I mention all this because it is dangerous to be half a rationalist, and only stop making one of the two mistakes.  If you are going to reject impractical 'clever arguments' that would never work in real life, and henceforth not try to multiply tiny probabilities by huge payoffs, then you had also better reject all the clever arguments that would've led Fermi or Szilard to assign probabilities much smaller than ten percent.  (Listing out a group of conjunctive probabilities leading up to taking an important action, and not listing any disjunctive probabilities, is one widely popular way of driving down the apparent probability of just about anything.)  Or if you would've tried to put fission chain reactions into a reference class of 'amazing new energy sources' and then assigned it a tiny probability, or put Szilard into the reference class of 'people who think the fate of the world depends on them', or pontificated about the lack of any positive experimental evidence proving that a chain reaction was possible, blah blah blah etcetera - then your error here can perhaps be compensated for by the opposite error of then trying to multiply the resulting tiny probability by a large impact.  I don't like making clever mistakes that cancel each other out - I consider that idea to also be clever - but making clever mistakes that don't cancel out is worse.

On the other hand, if you want a general heuristic that could've led Fermi to do better, I would suggest reasoning that previous-historical experimental proof of a chain reaction would not be strongly be expected even in worlds where it was possible, and that to discover a chain reaction to be impossible would imply learning some new fact of physical science which was not already known.  And this is not just 20-20 hindsight; Szilard and Rabi saw the logic in advance of the fact, not just afterward - though not in those exact terms; they just saw the physical logic, and then didn't adjust it downward for 'absurdity' or with more complicated rationalizations.  But then if you are going to take this sort of reasoning at face value, without adjusting it downward, then it's probably not a good idea to panic every time you assign a 0.01% probability to something big - you'll probably run into dozens of things like that, at least, and panicking over them would leave no room to wait until you found something whose face-value probability was large.

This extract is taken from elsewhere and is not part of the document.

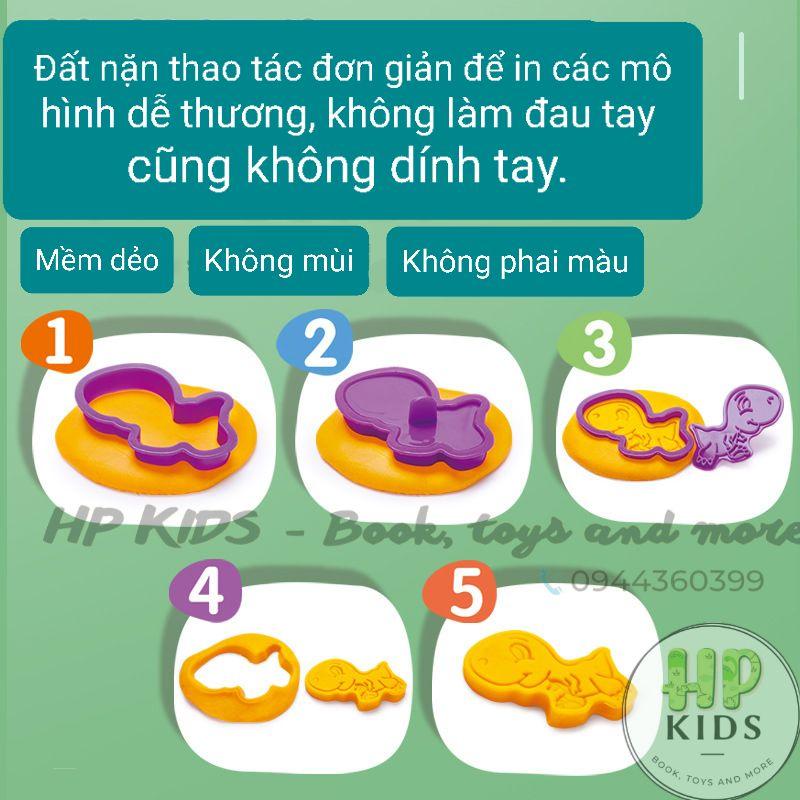 Bộ đồ chơi 5 đất nặn kèm số, hình học, khủng long, con vật v.v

I don't believe in multiplying tiny probabilities by huge impacts.  But I also believe that Fermi could have done better than saying ten percent, and that it wasn't just random luck mixed with overconfidence that led Szilard and Rabi to assign higher probabilities than that.  Or to name a modern issue which is still open, Michael Shermer should not have dismissed the possibility of molecular nanotechnology, and Eric Drexler will not have been randomly lucky when it turns out to work: taking current physical models at face value imply that molecular nanotechnology ought to work, and if it doesn't work we've learned some new fact unknown to present physics, etcetera.  Taking the physical logic at face value is fine, and there's no need to adjust it downward for any particular reason; if you say that Eric Drexler should 'adjust' this probability downward for whatever reason, then I think you're giving him rules that predictably give him the wrong answer.  Sometimes surface appearances are misleading, but most of the time they're not.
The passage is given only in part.